I think you are both wrong.
"The lowest energy state still has non-zero energy" does not mean that the temperature cannot be zero. If the system is in the ground state with 100% probability, then the temperature is zero. It doesn't matter what the ground state energy is.
It's true that all molecules in the substance would stand perfectly still at absolute zero [well, they don't have exact positions by the uncertainty principle, but the probability distribution of position would be perfectly stationary]. But so what? Why would that make absolute zero impossible? [see update below]

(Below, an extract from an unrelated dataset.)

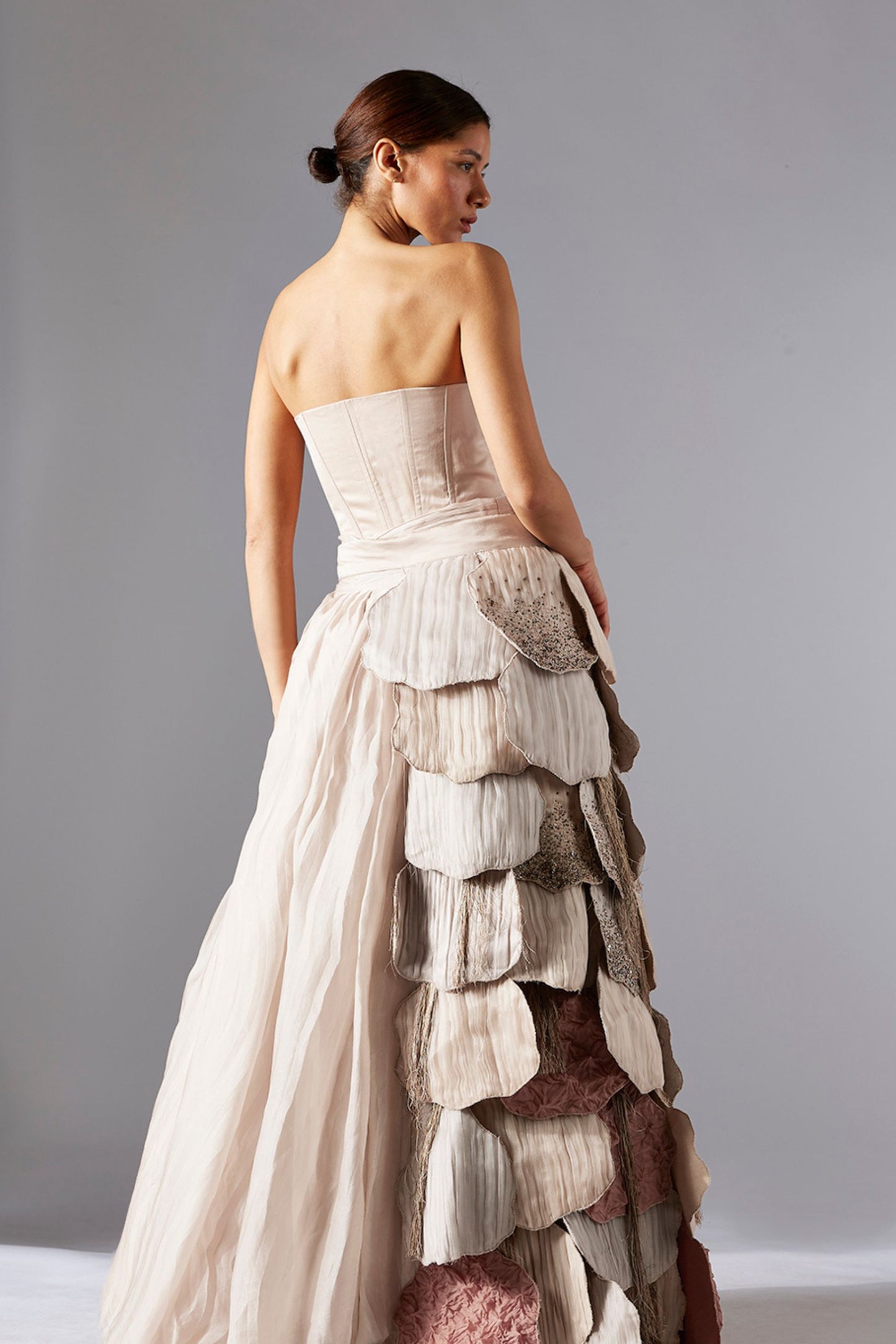 Back view showcasing the luxury designer belt and pleated skirt, emphasizing the detailed tailoring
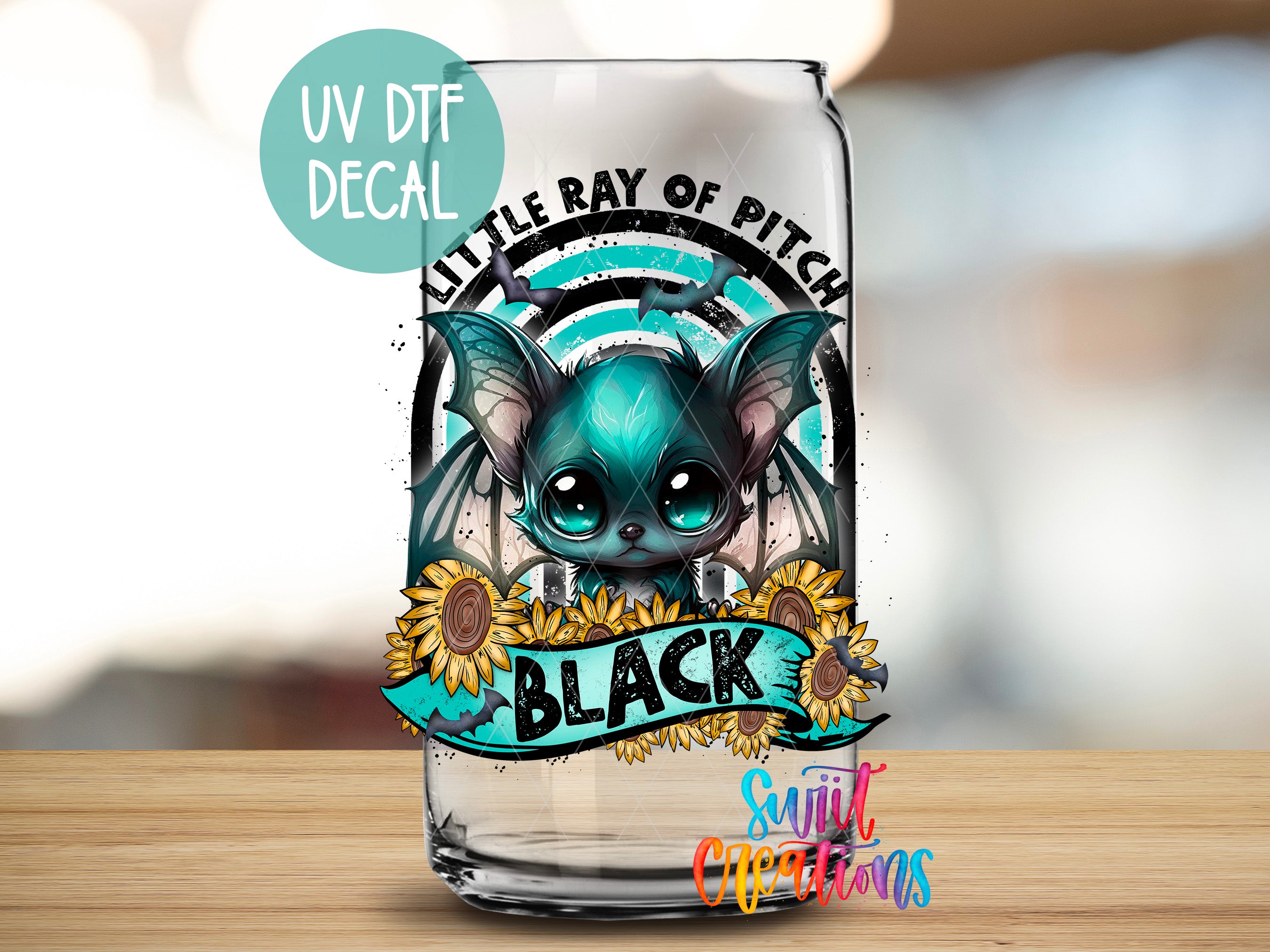 A glass can with a UV decal featuring a bat-like creature with large eyes and a black body, surrounded by sunflowers and the word "BLACK".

Nevertheless, there is no process that can get a system all the way to absolute zero in a finite amount of time or a finite number of steps. There's just no way to get that last little bit of energy out. This is one aspect of the third law of thermodynamics, as discussed in some (but not all) thermodynamics textbooks.
-- UPDATE --
It seems likely that I misunderstood. By "stand perfectly still", I guess you meant "have a fixed and definite position, and a fixed and definite velocity equal to 0". If that's what you meant, then "standing perfectly still" is indeed impossible (because of the Heisenberg Uncertainty Principle). But "standing perfectly still" is not expected or required to happen at absolute zero. Again, a harmonic oscillator which is in the ground state with 100% probability is at absolute zero, but does not have fixed and definite position or velocity.